Goal of the exercise » The data that follows must be transcribed in full and exactly, minus the pictures.

Provided material »
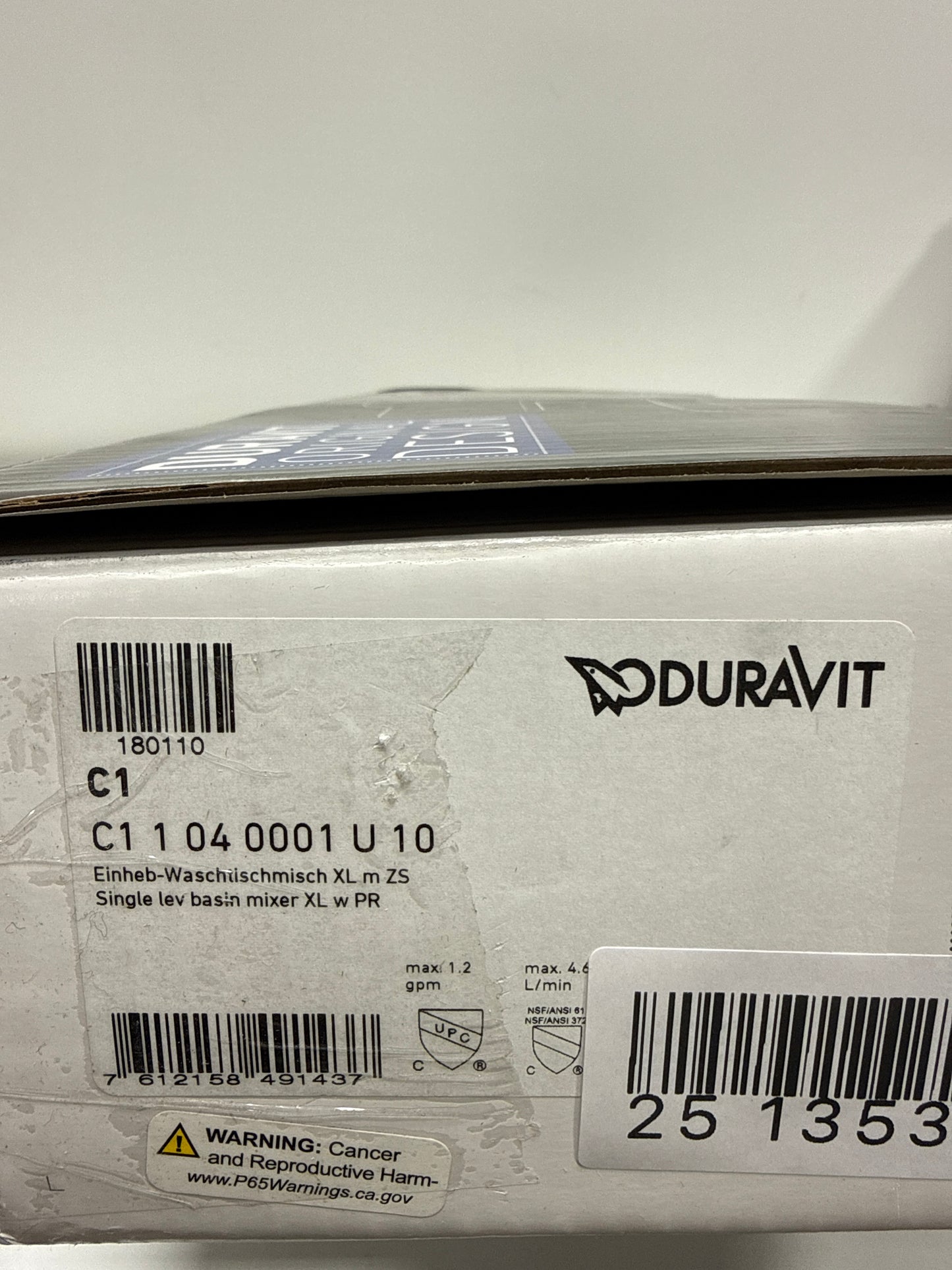 Duravit C11040001U10 C.1 1 GPM Single Hole Bathroom Faucet with Pop-Up Drain Assembly - Chrome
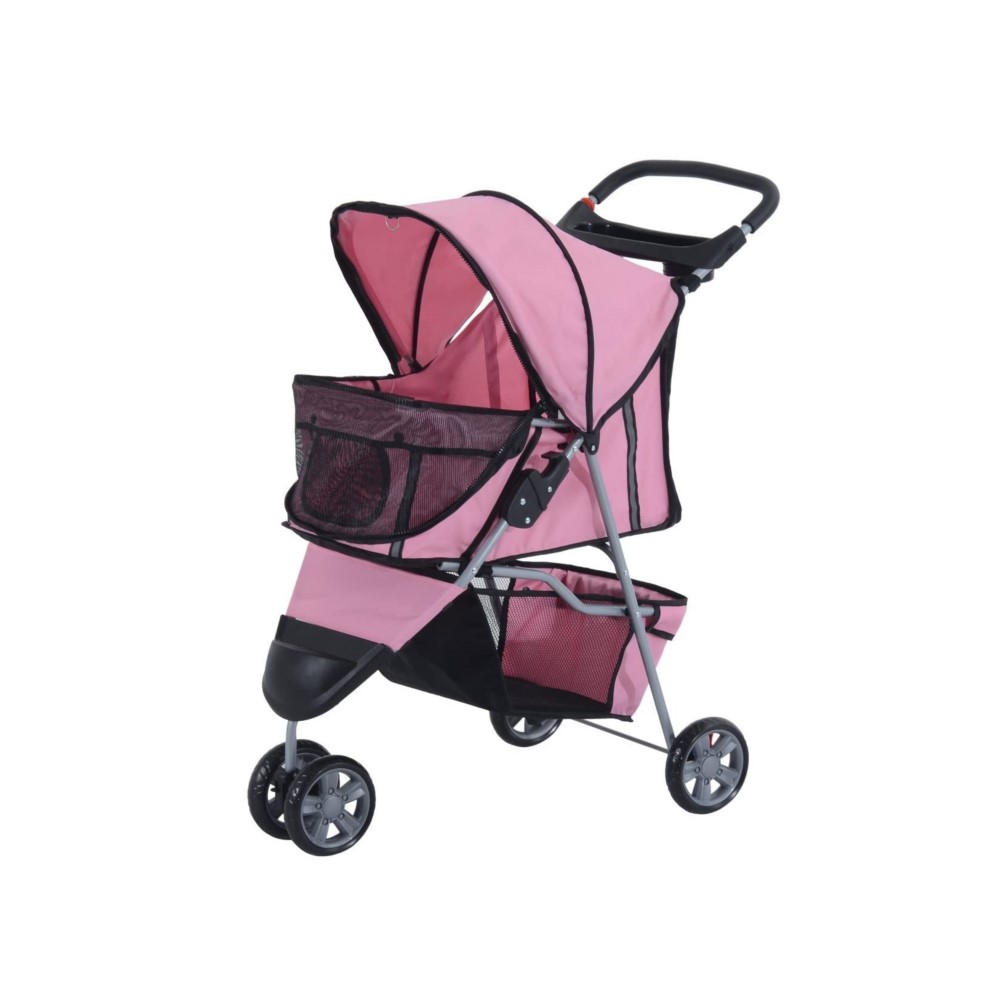COCHE PARA MASCOTA DE TRES RUEDAS ROSADO - 2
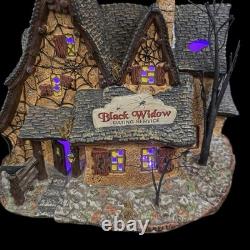 Department 56 Halloween Snow Village Black Widow Dating Service House Retired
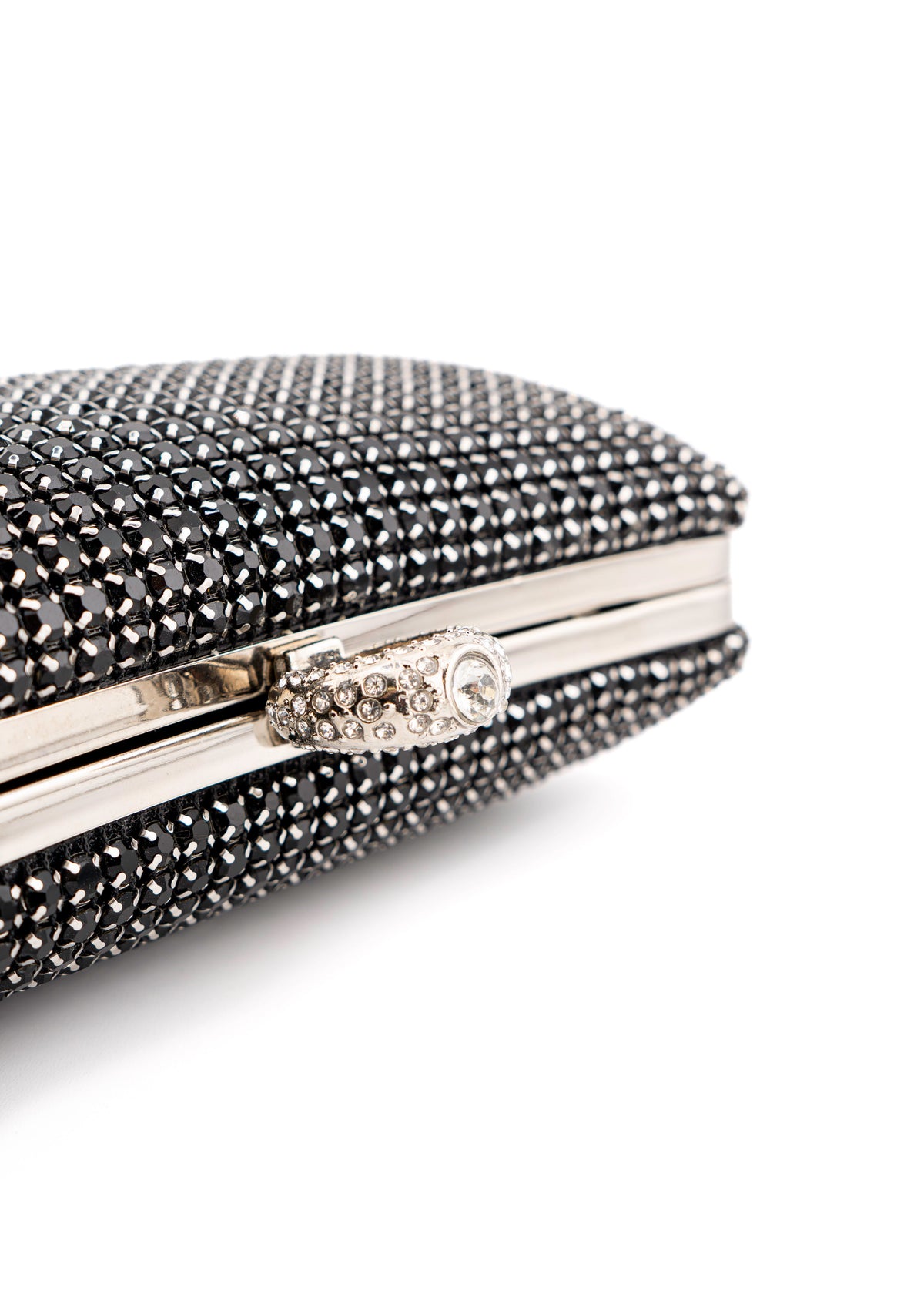 Crystal Embellished Ring Clasp Clutch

Solution for this task »
 Duravit C11040001U10 C.1 1 GPM Single Hole Bathroom Faucet with Pop-Up Drain Assembly - Chrome
COCHE PARA MASCOTA DE TRES RUEDAS ROSADO - 2
 Department 56 Halloween Snow Village Black Widow Dating Service House Retired
 Crystal Embellished Ring Clasp Clutch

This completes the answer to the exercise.